The data was collected by the Department of Statistics. The mode of collection of data was facilitated by using Google Forms which the students had to fill in. Data from the year 2019 & 2020 were used conveniently for comparison purposes. The data collected was then made to undergo a few transformations and some basic cleaning in Microsoft Excel.

2.1. Data Files :

  1. Allotment-Data-2019.xlsx
  2. Allotment-Data-2020.xlsx

2.2. Data Info :

  Rows Columns
2019 368 10
2020 413 12

2.3. Columns :

\[gp = \frac{Sem \space I \space Score + Sem \space II \space Score}{Total \space Marks}\]

2.4. Departments :

  1. B.Com. Model I
  2. B.A. Economics
  3. B.A. Sociology
  4. B.A. English
  5. B.A. History
  6. Physical Education
  7. B.Sc. Chemistry
  8. B.Sc. Mathematics
  9. B.Sc. Statistics
  10. B.Sc. Zoology
  11. B.Sc. Botany
  12. B.Sc. Physics
  13. B.A. Hindi

2.5. Notations of Course Choices :


3. PROJECT SUMMARY 🏆

  1. Nearly 75% to 80% of students got their first choice as their allotted department.
  2. There was a general increase in the average gp of the entire college from 2019 to 2020.
  3. B.Sc. Botany and B.Sc. Chemistry were the only two programs that had a decrease in average GP scores.
  4. Science subjects had a higher GP scores than arts subjects.
  5. B.Sc. Mathematics has the highest sverage gp scores in both years.
  6. There were six students in the year 2020 who were admitted to a course outside of their choice.
  7. Science students have better chances of being admitted to the course of their choice compared to arts students.
  8. Even though science departments had the highest marks in both years, the highest improvement in GP scores were observed in the art departments.

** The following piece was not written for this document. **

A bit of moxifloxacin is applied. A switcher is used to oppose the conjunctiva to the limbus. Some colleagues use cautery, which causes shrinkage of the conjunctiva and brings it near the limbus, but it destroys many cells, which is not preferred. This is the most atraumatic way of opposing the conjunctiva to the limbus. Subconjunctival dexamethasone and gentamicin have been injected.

4. EXPLORATORY DATA ANALYSIS [EDA] 💡

EDA is a very important step in a any data analysis project.

4.1. Gross Percentage Descriptive Stats

Department Avg. GP 2019 Avg. GP 2020 Change +/-
B.A Economics 47.69 56.23
B.A English 58.43 64.23
B.A Hindi 45.50 55.03
B.A History 46.51 50.29
B.A Sociology 43.22 53.01
B.Com Model I 65.70 75.01
B.Sc Botany 68.83 64.07 🔻
B.Sc Chemistry 76.37 75.69 🔻
B.Sc Mathematics 76.67 78.30
B.Sc Physics 67.98 76.24
B.Sc Statistics 71.97 76.46
B.Sc Zoology 61.14 63.06

Table 1.0. shows the department wise average Gross Percentage of students and the change from years 2019 and 2020. From the above Table we can observe the following:

  1. The departments B.Sc. Botany and B.Sc. Chemistry were the only two departments to have a decrease in the average gp score.
  2. Science departments have higher average scores than most arts courses.

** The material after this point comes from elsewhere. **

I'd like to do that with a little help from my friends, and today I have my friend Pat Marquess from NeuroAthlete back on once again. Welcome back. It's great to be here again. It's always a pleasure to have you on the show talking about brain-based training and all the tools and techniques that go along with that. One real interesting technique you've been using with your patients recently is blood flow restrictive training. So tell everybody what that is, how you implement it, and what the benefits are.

4.1.1. GP Descriptive Stats 2019
Department count mean std min 25% 50% 75% max
B.A Economics 35.0 47.70 22.44 0.00 32.82 44.10 70.30 76.90
B.A English 35.0 58.44 20.54 10.60 37.90 63.80 75.60 87.40
B.A Hindi 22.0 45.50 23.93 7.00 26.10 47.00 62.67 84.17
B.A History 36.0 46.51 17.07 13.40 32.98 49.20 55.98 87.20
B.A Sociology 33.0 43.22 21.45 5.00 29.00 44.60 59.00 87.70
B.Com Model I 50.0 65.70 16.78 23.00 60.04 71.71 76.98 88.58
B.Sc Botany 28.0 68.84 13.90 31.17 64.19 71.21 79.62 85.42
B.Sc Chemistry 24.0 76.37 15.43 34.83 67.33 82.46 87.77 92.25
B.Sc Mathematics 25.0 76.67 12.67 36.24 70.48 76.50 87.17 91.92
B.Sc Physics 23.0 67.99 18.20 29.17 56.88 75.08 79.79 89.75
B.Sc Statistics 29.0 71.97 10.47 47.67 65.58 74.08 78.08 88.67
B.Sc Zoology 28.0 61.14 16.95 24.17 52.63 65.09 74.17 88.50

Table 1.1. shows the department wise descriptive statistics of Gross Percentage in the year 2019.


4.1.2. GP Descriptive Stats 2020
Department count mean std min 25% 50% 75% max
B.A Economics 49.0 56.23 22.00 8.70 38.20 58.80 74.90 87.20
B.A English 40.0 64.24 16.89 30.50 48.00 68.20 79.80 88.70
B.A Hindi 29.0 55.04 22.11 16.33 35.50 48.33 76.17 90.83
B.A History 42.0 50.29 22.92 0.00 36.65 54.25 66.55 89.50
B.A Sociology 43.0 53.02 15.75 15.60 43.95 55.90 62.45 81.70
B.Com Model I 51.0 75.01 16.00 27.67 67.96 79.58 87.21 93.33
B.Sc Botany 23.0 64.07 22.31 15.50 54.92 73.92 78.46 87.08
B.Sc Chemistry 26.0 75.69 16.32 37.00 71.19 82.87 86.73 92.83
B.Sc Mathematics 25.0 78.30 12.02 50.58 75.67 81.33 86.50 90.67
B.Sc Physics 29.0 76.24 12.36 38.58 69.33 80.25 85.25 93.17
B.Sc Statistics 27.0 76.47 16.57 29.25 71.58 81.58 88.88 92.25
B.Sc Zoology 29.0 63.07 16.63 28.92 50.33 65.92 78.42 89.08

Table 1.2. shows the department wise descriptive statistics of Gross Percentage in the year 2020.


5.0. A Rather Miss-Happenning in 2020
ID Program gp
1020 B.A Economics 67.700000
1038 B.A Economics 65.100000
1066 B.A English 30.500000
1099 B.A Hindi 43.666667
1109 B.A Hindi 18.500000
1133 B.A History 47.900000

Table 1.3. showing the students who were not admitted to any of their 6 choice preferences.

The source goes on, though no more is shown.